Thursday, February 10, 2011 by Michael Kanin

The way City Council does business is changing – and those changes could present the city’s executive staff with a problem.

 

City Manager Marc Ott has raised concerns about the Council’s new policy of conducting pre-meeting work sessions. “It potentially has an adverse impact on productivity because we have so many people, now, then, dedicated to two meetings, ” he told Council members yesterday.

 

“As I listen to this conversation, when you talk about the prospect of even doing work sessions or committee-as-a-whole, (and) you want to structure that to give direction, it begins to look more and more like another Council meeting, almost.”

 

As Wednesday’s work session ended, one reporter counted 21 city staff members leaving the meeting.
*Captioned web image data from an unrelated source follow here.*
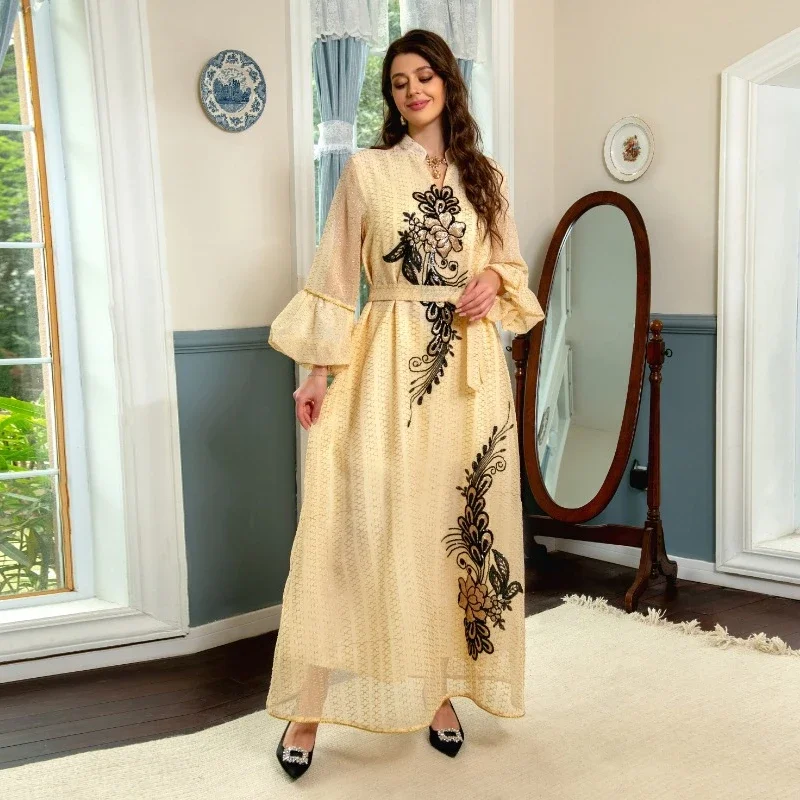 Middle East New Sequined Embroidered Long Skirt Arabic Embroidery Elegant Muslim Ethnic Women's Clothing abaya  prom dress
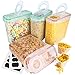 VERONES Cereal Container, Airtight Storage Containers Perfect for Flour Container Dry Food Storage Containers 4 piece (10 Chalkboard Labels & 2 Measuring Cups Included).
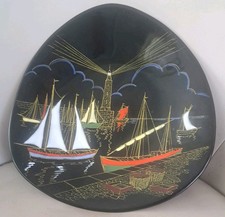 Vintage Longwy Teardrop-Shaped Plate Port De Peche. Made in France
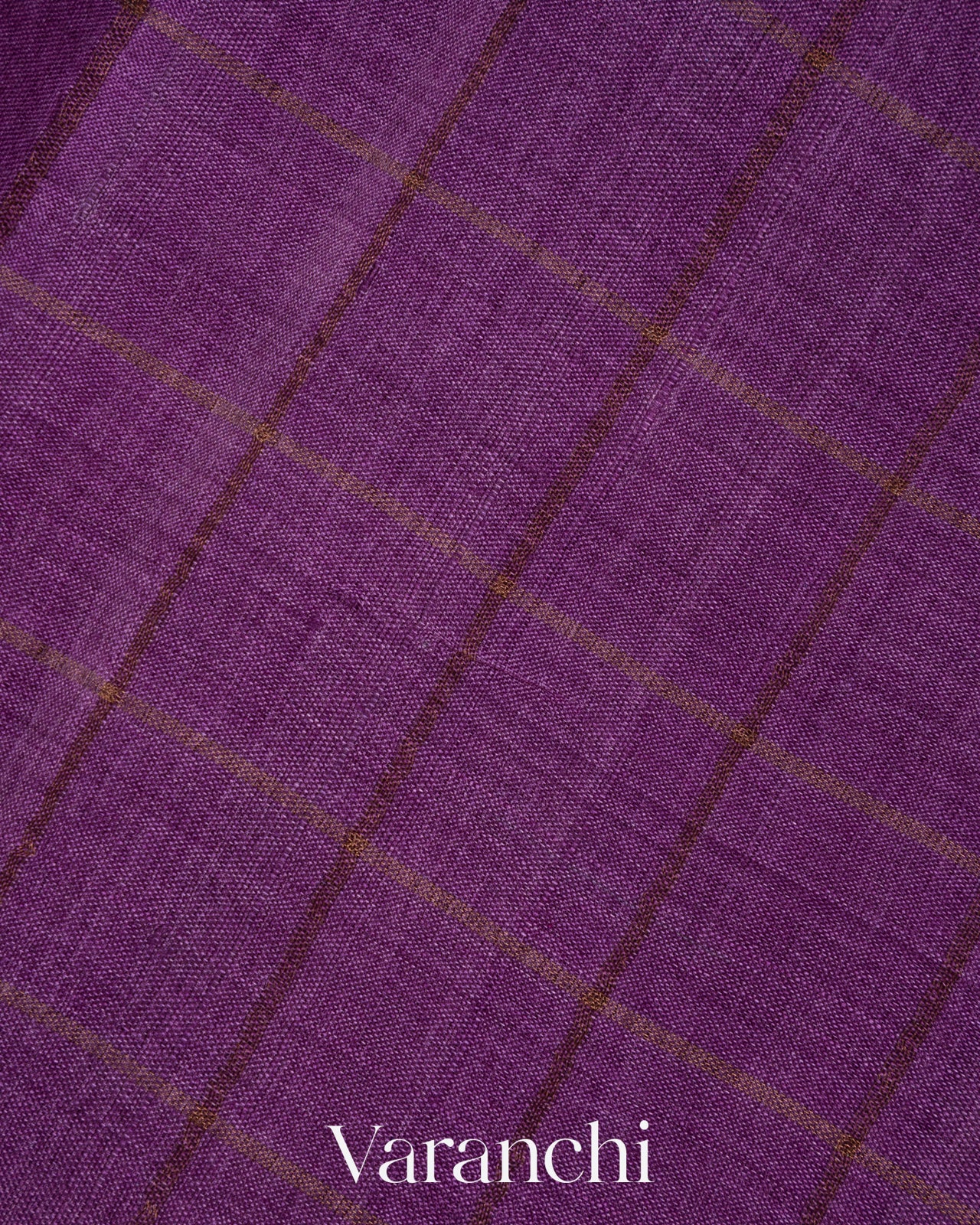 Purple Checked Pure Tussar Silk Handloom Saree
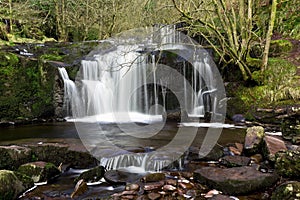 Beautiful cascades, Afon Caerfanell mountain river, Blaen-y-Glyn photo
In addition, numerous city staffers had to come to City Hall but could not fit into the Boards and Commissions Room, where the work session was held. One staff member said that at the beginning of the work session, there were 31 staff members sitting in the Council bullpen waiting and watching the proceedings.

 

The work session was the first of its kind for Council since the 1990s. Council Member Randi Shade called one portion of the afternoon “a weird dance.” That sentiment might as well have stood in for the meeting itself: For much of the proceedings, the city’s elected officials engaged in something that looked very much like a discussion that might have otherwise taken place in Council Chambers on a Thursday.

 

Council members conducted the meeting against the charged backdrop provided by Travis County Attorney David Escamilla’s investigation of potential violations of the Open Meetings Act. No one is talking about it – indeed, Mayor Lee Leffingwell warned at least one reporter that he wouldn’t discuss the subject – but that was the clear reason for the meeting.

 

Last night, The Austin Bulldog reported that Escamilla has filed “10 requests under the Texas Public Information Act to obtain records related to his inquiry” in addition to requests for documents pertaining to former Mayor Will Wynn and former Council Member Brewster McCracken. Wynn and McCracken left the City Council in June, 2009.

 

After the meeting, Ott elaborated on his concerns. He said that he thinks that the new meeting schedule will change the way the city operates. “The difficulty, at this point, is I don’t know exactly how” it will change, he said.

 

Ott went on to say that he will bring his team together “and dissect what it is going to take for us to prepare ourselves for both a work session, study session, pre-Council meeting – whatever it ends up being called – as well as the regular Council meeting.” 

 

Council Member Bill Spelman echoed Ott’s concerns. “We may not have to (go over some items) tomorrow because we’ve done it today, but we’ve also taken a lot of staff off line for two days rather than one day,” he said. “We would be a lot better doing it in one day than in two days,” he said.

 

Spelman added, however, that a substantive discussion of “one or two very big issues …  would be valuable.”

 

“I think it is a legitimate concern because we are tying up a lot of people who are on call for a number of hours,” said Leffingwell of Ott’s worry. “But it’s important and it has to be done – and really … the Council as the policy-making body, we have to have access to good advice to make good policy.”

 

Ott’s office will study the impact of this new way of doing business and report back to Council. Either way, it appears the meetings will become a fixture of Council deliberations for the time being.

 

In addition to hashing out details about agenda items, Council members may also use the Wednesday meetings to hear briefings that up until now have been presented on Thursday. These briefings, combined with a forum that allows for pre-meeting discussion and questioning, may shorten the Council’s regular meeting.

 

Although Wednesday’s proceedings were broadcast live on Channel 6, it is not clear whether that will always be the case.